Em sua contribuição para à Consulta Pública do Ministério de Minas e Energia, o Instituto Internacional Arayara reforçou que transição energética não é impulsionar a indústria de petróleo e gás “até a última gota” a fim de se extrair ou reservar os recursos necessários para a construção da nova política energética que o mundo precisa. Não haverá tempo nem planeta para isso, pois os sinais já nos chegam que a transição deve ser feita já, com os recursos que existem – tanto os naturais quanto os financeiros. E eles estão prontos e disponíveis, esperando decisão política e empenho.
O que pensa o Instituto Internacional Arayara
Leia, a seguir, um trecho da contribuição do Instituto Internacional Arayara à Consulta Pública 163/2024 do Ministério de Minas e Energia.
“O papel da Petrobras na transição energética é um assunto complexo que envolve considerações econômicas, sociais e ambientais. Além disso, dada a sua relevância como a maior empresa do país, tem enorme capacidade de influenciar a direção e o ritmo da transição energética no país.
A Petrobras pode desempenhar um papel crucial na transição energética investindo em energias renováveis, como solar, eólica, e biomassa, além de contribuir no desenvolvimento de projetos de geração de energia renovável, aquisição de empresas de energia limpa, assim como na pesquisa e desenvolvimento de novas tecnologias.
O plano estratégico da Petrobras para 2023-2027 destina 83% dos recursos para exploração e produção de petróleo e gás.

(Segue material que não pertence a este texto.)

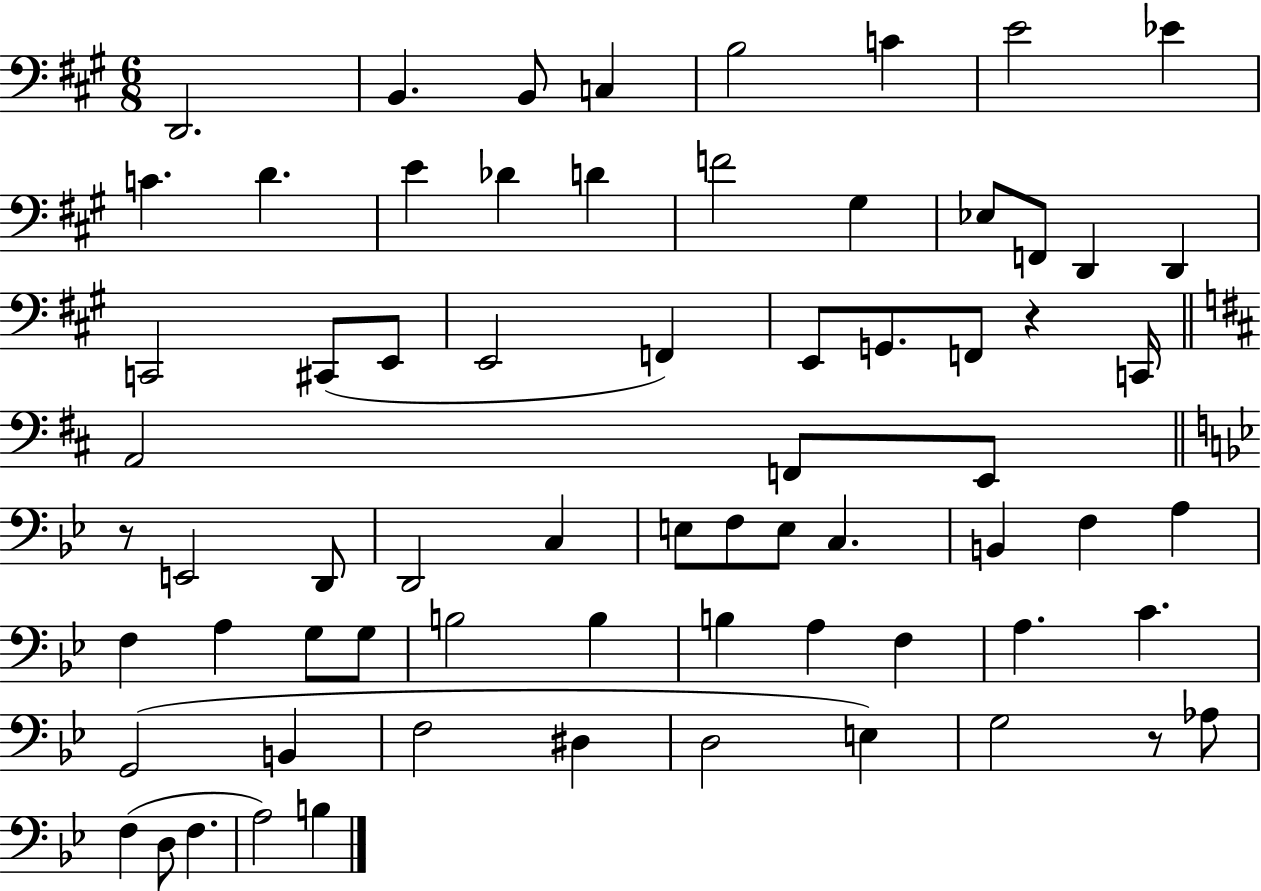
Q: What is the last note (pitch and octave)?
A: B3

A atenção com renováveis no plano é irrelevante.
As consequências das mudanças climáticas são evidentes, as últimas décadas de 1990 e 2000 foram as mais quentes dos últimos mil anos e de acordo com as projeções do Painel Intergovernamental de Mudanças Climáticas (IPCC), os próximos 100 anos indicam um aumento da temperatura média global entre 1,8°C e 4°C, como também um aumento no nível médio do mar entre 0,18 m e 0,59 m, o que pode afetar de maneira significativa as atividades humanas e os ecossistemas (INPE, 2024). Outro fator extremamente importante é que o aumento das concentrações de GEEs e o aquecimento global constante, contribuem na mudança de outras variáveis climáticas, como alterações no regime, na quantidade e na distribuição das chuvas, acarretando em eventos climáticos extremos (IBAMA, 2022).
O início das ocorrências de tais eventos era prevista para 2030 (IPCC, 2023), no entanto, o avanço acelerado da indústria e da devastação, antecipou o prognóstico catastrófico, fazendo com que esses desastres já ocorram no presente, com incidências cada vez mais frequentes e com ocorrência em diversas localidades do globo, incluindo o Brasil. Entre os anos de 2023 e 2024, a Amazônia e o Pantanal registraram secas históricas, ao passo que, no Rio Grande do Sul registrou-se inundações sem precedentes.
Os desequilíbrios ambientais impactam significativamente a vida humana, como o exemplo citado dos eventos no RS. Sendo fatores como gênero, etnia e renda predominantes para a vulnerabilidade frente às mudanças climáticas. De acordo com o Observatório do Clima, entre 3,3 e 3,6 bilhões de pessoas em todo o mundo vivem em regiões ou em contextos atualmente vulneráveis às mudanças climáticas (UNICEF, 2022).
Cumprir as metas das Contribuições Nacionalmente Determinadas (NDCs) é crucial para o Brasil enfrentar os desafios das mudanças climáticas, proteger seu meio ambiente, impulsionar sua economia e garantir sua posição como um líder global na luta contra as mudanças climáticas.”